Here is another interesting phenomenon that we see.  Customers that have not been doing any serious inspection and then all of a sudden buy a correctly operating 100% inspection system to check the finished product.  They are horrified at all of the rejects!  How can their product be so lousy?!?  It must be that the inspection station is not working correctly!

If your part then has to pass through many operations and you don’t inspect until the end of the line then  the probability of many failures is high.  For example, let’s say that the probability of a part failing a single process is one percent and there are fifteen steps to manufacture the product (which is not unreasonable for a production line that is using inspection for the first time).  The probability of a good part making it all the way through the fifteen steps is .99 * .99 * .99 * … * .99 = 86 percent.  So if you are not pulling the failed parts until the end you will be putting 14 out of 100 parts into the reject bin.  Nobody will be happy with that.  However if you inspect at each process and are able to pull every reject from every station then the number of rejects coming off the line appears to be only 1 out of 100. 

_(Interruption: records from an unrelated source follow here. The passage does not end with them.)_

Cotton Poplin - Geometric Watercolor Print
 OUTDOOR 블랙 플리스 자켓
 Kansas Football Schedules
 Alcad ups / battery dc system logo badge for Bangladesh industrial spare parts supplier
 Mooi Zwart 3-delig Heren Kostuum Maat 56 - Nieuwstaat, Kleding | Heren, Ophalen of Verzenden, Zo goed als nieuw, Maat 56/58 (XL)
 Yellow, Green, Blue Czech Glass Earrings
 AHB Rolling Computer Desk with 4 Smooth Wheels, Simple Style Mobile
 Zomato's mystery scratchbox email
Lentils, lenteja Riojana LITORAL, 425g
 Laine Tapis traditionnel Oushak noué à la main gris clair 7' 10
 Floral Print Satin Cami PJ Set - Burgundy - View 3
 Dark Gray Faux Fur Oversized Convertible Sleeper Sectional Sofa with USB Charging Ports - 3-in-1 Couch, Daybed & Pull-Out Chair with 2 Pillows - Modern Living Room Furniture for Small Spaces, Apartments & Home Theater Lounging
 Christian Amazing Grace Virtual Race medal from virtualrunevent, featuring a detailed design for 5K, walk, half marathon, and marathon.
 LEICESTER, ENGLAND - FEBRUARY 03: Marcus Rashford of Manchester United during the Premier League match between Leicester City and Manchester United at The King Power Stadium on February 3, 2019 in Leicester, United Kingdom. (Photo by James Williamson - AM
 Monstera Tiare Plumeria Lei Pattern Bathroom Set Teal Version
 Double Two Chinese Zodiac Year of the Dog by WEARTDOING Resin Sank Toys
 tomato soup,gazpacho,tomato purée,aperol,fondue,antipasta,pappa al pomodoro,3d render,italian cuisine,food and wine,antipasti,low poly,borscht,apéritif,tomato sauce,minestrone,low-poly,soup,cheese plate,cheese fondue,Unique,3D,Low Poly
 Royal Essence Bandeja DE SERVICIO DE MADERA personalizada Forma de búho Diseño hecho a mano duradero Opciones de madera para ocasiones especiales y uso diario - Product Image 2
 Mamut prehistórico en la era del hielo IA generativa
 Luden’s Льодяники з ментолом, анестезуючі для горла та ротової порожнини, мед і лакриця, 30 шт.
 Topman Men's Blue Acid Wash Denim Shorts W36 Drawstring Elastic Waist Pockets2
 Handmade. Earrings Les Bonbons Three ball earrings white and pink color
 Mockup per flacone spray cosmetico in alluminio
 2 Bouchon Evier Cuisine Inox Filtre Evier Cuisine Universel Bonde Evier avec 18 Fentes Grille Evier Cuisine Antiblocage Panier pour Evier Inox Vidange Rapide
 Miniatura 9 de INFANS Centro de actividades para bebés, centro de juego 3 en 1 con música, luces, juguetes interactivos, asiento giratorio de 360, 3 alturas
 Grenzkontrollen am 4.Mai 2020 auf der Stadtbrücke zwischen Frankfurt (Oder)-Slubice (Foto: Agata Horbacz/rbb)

Another reason for checking for quality throughout the production process is adding work to defective products.  For example, if an incoming sub assembly is bad but no one has detected this (because it is not tested until after final assembly) then everyone keeps spending time and money assembling it.  Whereas, if the sub assembly is checked at each station and bad parts are removed, later processes are not spending time and money working on bad assemblies. 

 

What is good?  What is bad?

One difficult aspect of inspection systems is when the customer can not give hard numbers to indicate what parts are good and what parts are bad.  In fact we have been in many applications, one operator is passing parts that another operator is failing.  This is one of the hardest problems – accurately specifying what are acceptable parts and what are reject parts. 

 

Value of Automation

Many people claim that a company is automating for no reason.  Besides a reduction in labor costs, and producing more parts in less time, automation has two major advantages: (1) produces parts more consistently and (2) generates process information. 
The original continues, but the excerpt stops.